Some at Safeway Decry Smile Policy
A dozen Safeway Inc. employees have filed grievances over the supermarket chain’s smile-and-make-eye-contact rule, complaining that they are being propositioned by shoppers who mistake company-required friendliness for flirting.
Richelle Roberts, a produce clerk, said she is hit on every day by men who think she is coming on to them. Another produce worker, who spoke on condition of anonymity, said she has hidden in a back room to avoid customers who have harassed her, propositioned her and followed her to her car.
“Let me decide who I am going to say hello to with a big smile,” Roberts said.
Safeway spokeswoman Debra Lambert acknowledged that “sometimes customers get out of line,” but added, “We don’t see it as a direct result of our initiative.”
Under Safeway’s “Superior Service” policy, employees are expected to anticipate customers’ needs, take them to items they cannot find, make selling suggestions, thank them by name if they pay by check or credit card and offer to carry out their groceries.

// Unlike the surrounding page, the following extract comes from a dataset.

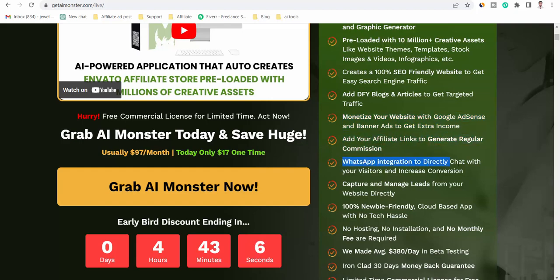WhatsApp integration to directly chat with your visitors and increase conversion. Capture and manage leads from your website directly. 100% newbie-friendly, cloud-based app with no tech hassle.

Safeway, which is based in Pleasanton and is North America’s second-largest supermarket chain with 1,378 stores in the U.S. and Canada, began phasing in the policy five years ago.
But it was not until January that it began enforcing it by using undercover shoppers and warning employees that negative evaluations can lead to remedial training, disciplinary letters and termination.
A group of 12 women aired their grievances to Safeway executives in August, and a male who said he’d been bothered by a female customer joined the effort this week. The workers’ union also filed charges in May with the National Labor Relations Board, alleging that the “superior service” policy was illegally imposed.
“They’ve got battalions of MBAs who are coming up with these policies who don’t take into account the real-life implications,” said the workers’ lawyer, Matthew Ross.
The union wants workers, especially women, to have more freedom to choose not to make eye contact with a potentially threatening customer or to refuse to carry groceries out to a man’s car at night.
None of Safeway’s 150,000 employees has been fired for failing to be friendly enough, but 100 have been sent to a daylong class, a sort of Smile School.